Material shown -
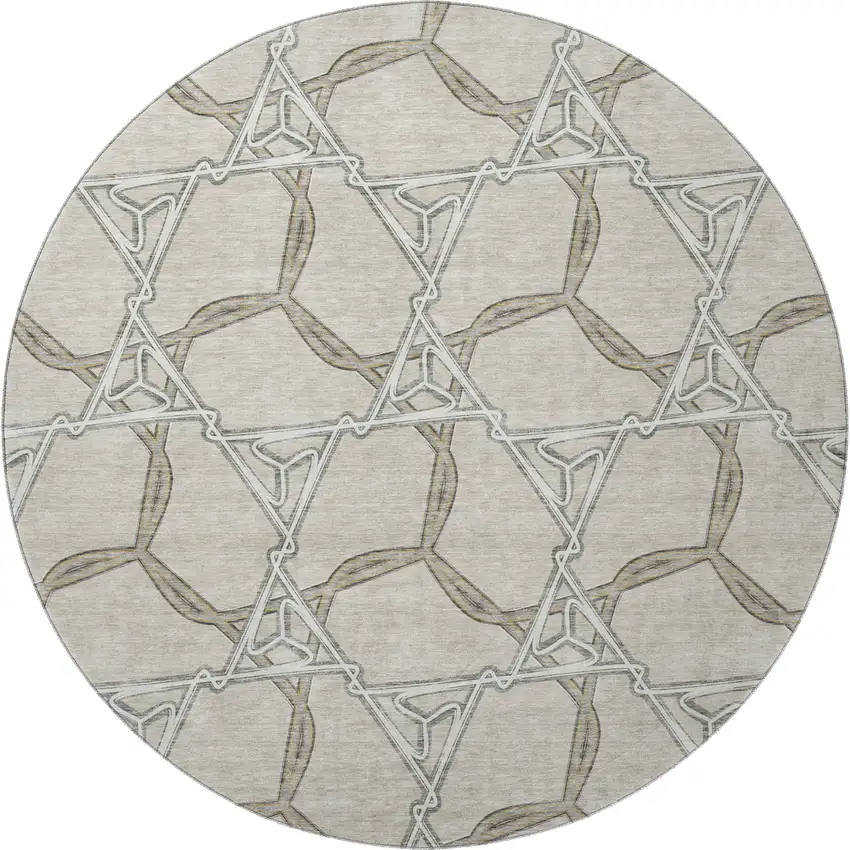 8' Beige Ivory And Taupe Geometric Washable Round Rug With UV Protection Photo 3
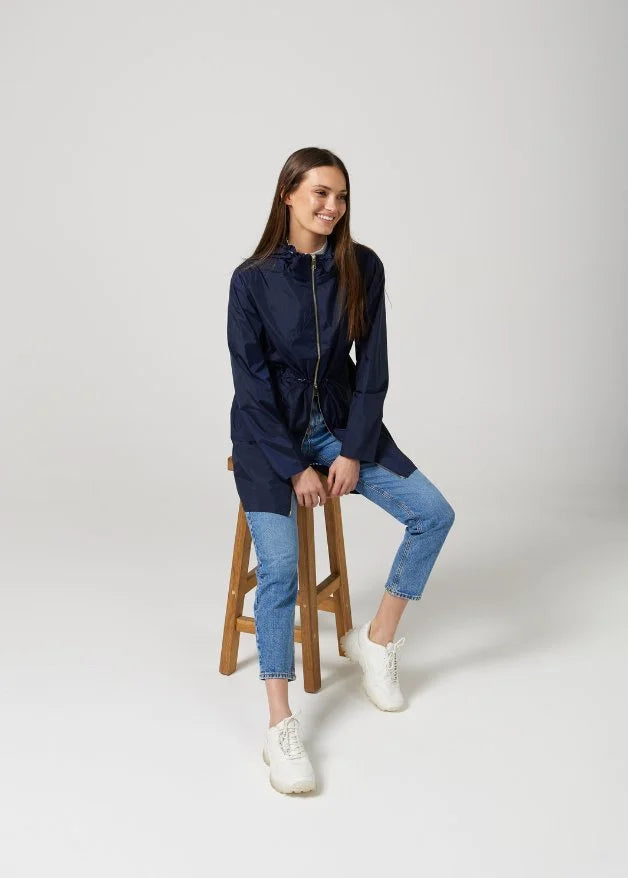 The Oxford Blue navy blue hooded raincoat, modern lightweight waterproof raincoat perfect for Australia’s changing weather and rain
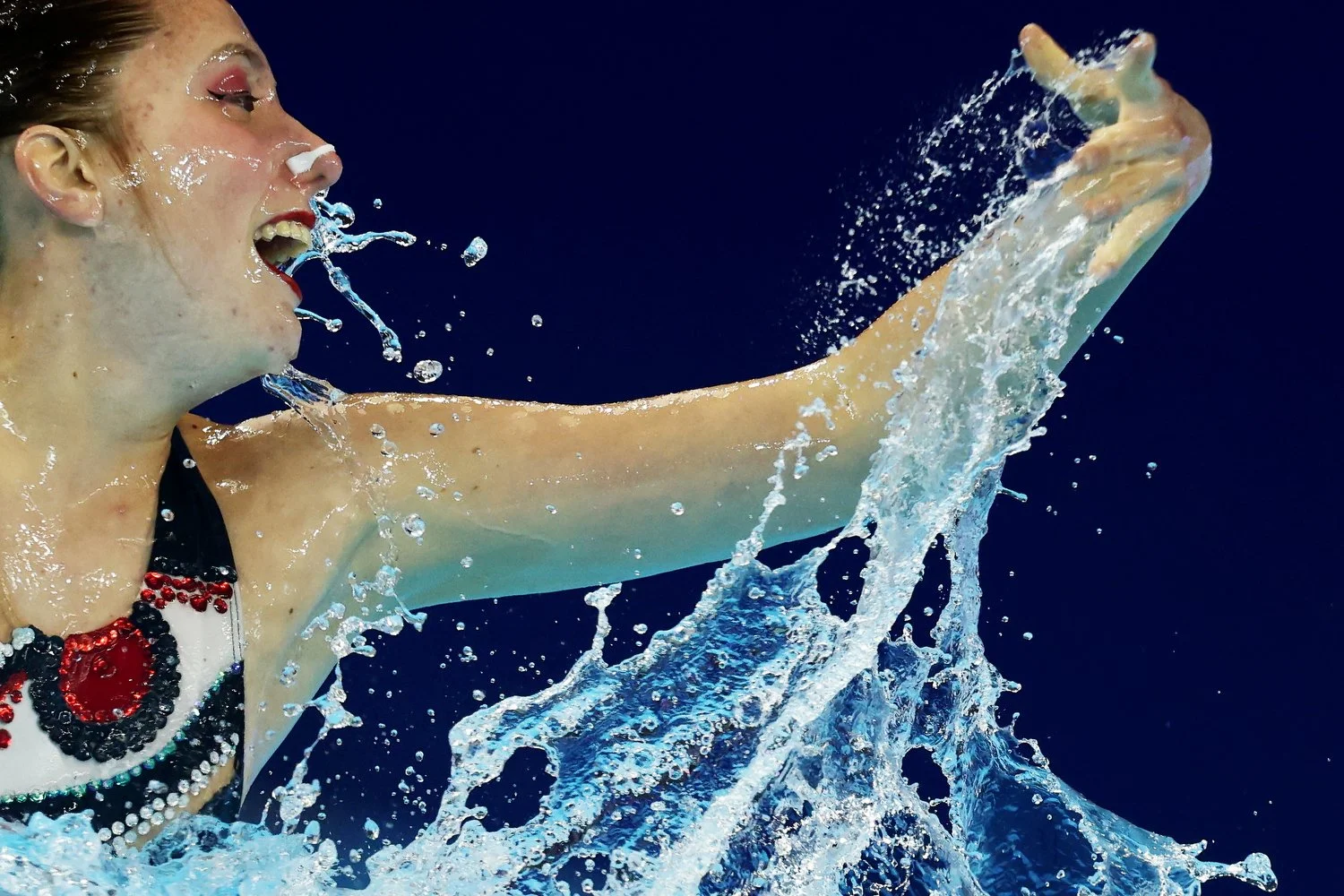  SINGAPORE, SINGAPORE - JULY 18: Tiziana Bonucci of Team Argentina competes in the Women's Solo Technical Preliminaries on day eight of the Singapore 2025 World Aquatics Championships at World Aquatics Championships Arena on July 18, 2025 in Singapor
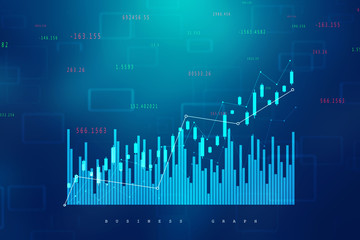2d rendering Stock market online business concept. business Graph 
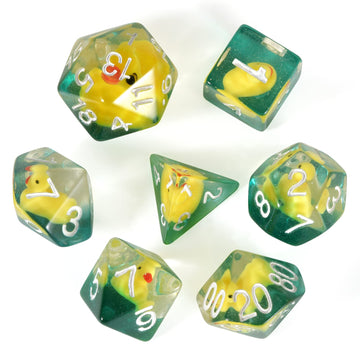 FLASHOWL Duck Dice Polyhedral & RPG Dice DND Dice Set with Duck Inside Polyhedral Roll Play Gaming D20 Dice Dungeons and Dragon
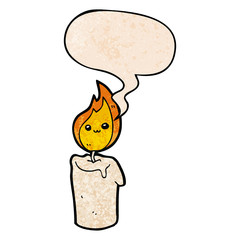 cartoon candle character and speech bubble in retro texture style
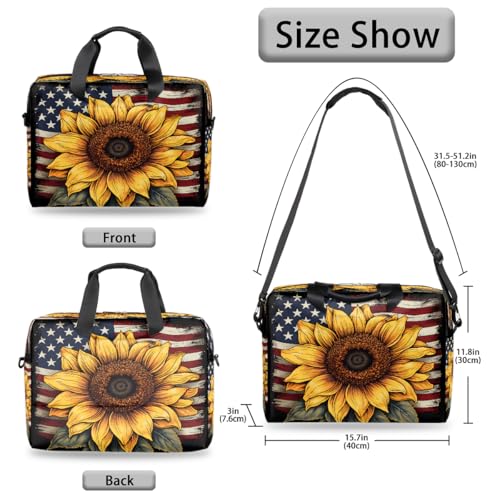 Maletín para portátil con diseño retro y bandera americana miniatura 5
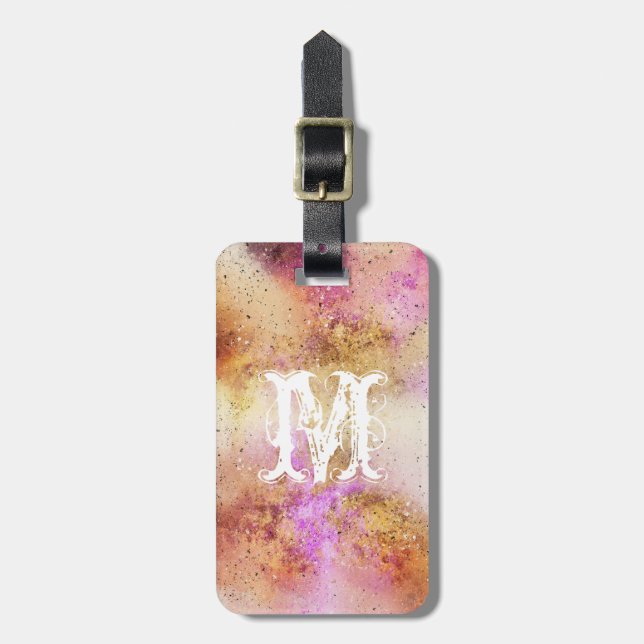Gold Pink Sky Watercolor Personalisiert Gepäckanhänger (Vorderseite vertikal)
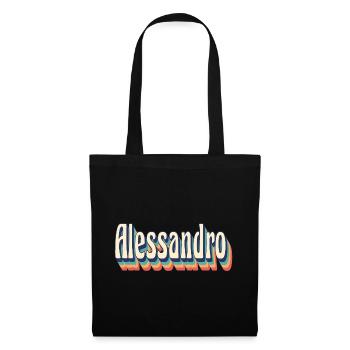 Alessandro Retro Vintage T-Shirt Geschenk T-Shirt - Stoffbeutel - Schwarz - Vorne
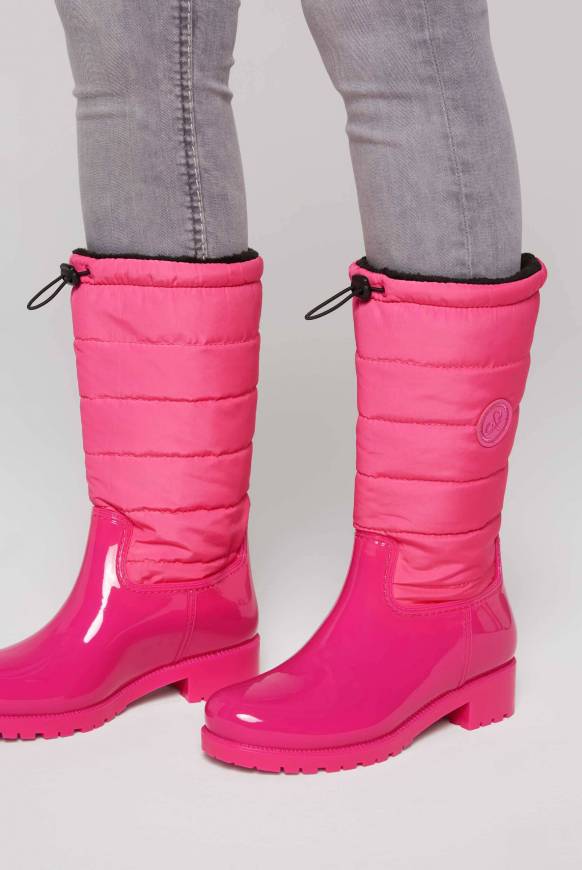 Soccx Gefütteter Gummistiefel mit Steppschaft neon pink 50% Rabatt mit kostenlosem Versand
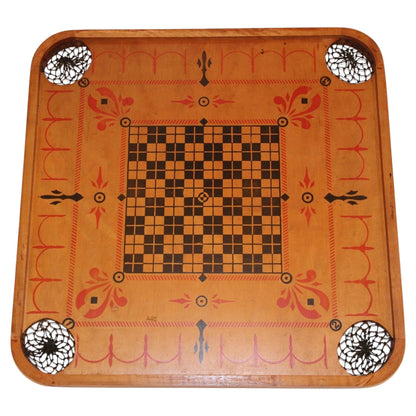 Antique Carrom Large Wooden Game Board Double-Sided No. 1 Archarena Style 'E' — main image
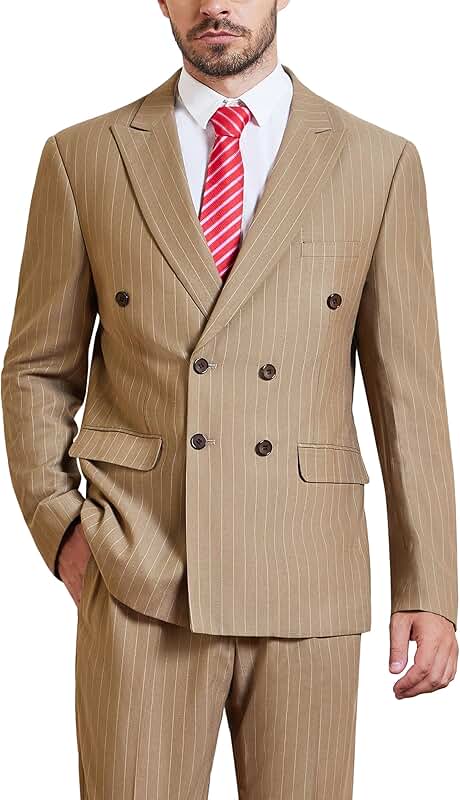 Men's Slim Fit Double-Breasted Stripe Tuxedo Suit with Tie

Your task - Except for pictures, copy the records above exactly.

Answer -
 8' Beige Ivory And Taupe Geometric Washable Round Rug With UV Protection Photo 3
 The Oxford Blue navy blue hooded raincoat, modern lightweight waterproof raincoat perfect for Australia’s changing weather and rain
  SINGAPORE, SINGAPORE - JULY 18: Tiziana Bonucci of Team Argentina competes in the Women's Solo Technical Preliminaries on day eight of the Singapore 2025 World Aquatics Championships at World Aquatics Championships Arena on July 18, 2025 in Singapor
2d rendering Stock market online business concept. business Graph 
 FLASHOWL Duck Dice Polyhedral & RPG Dice DND Dice Set with Duck Inside Polyhedral Roll Play Gaming D20 Dice Dungeons and Dragon
 cartoon candle character and speech bubble in retro texture style
 Maletín para portátil con diseño retro y bandera americana miniatura 5
Gold Pink Sky Watercolor Personalisiert Gepäckanhänger (Vorderseite vertikal)
 Alessandro Retro Vintage T-Shirt Geschenk T-Shirt - Stoffbeutel - Schwarz - Vorne
 Soccx Gefütteter Gummistiefel mit Steppschaft neon pink 50% Rabatt mit kostenlosem Versand
 Antique Carrom Large Wooden Game Board Double-Sided No. 1 Archarena Style 'E' — main image
 Men's Slim Fit Double-Breasted Stripe Tuxedo Suit with Tie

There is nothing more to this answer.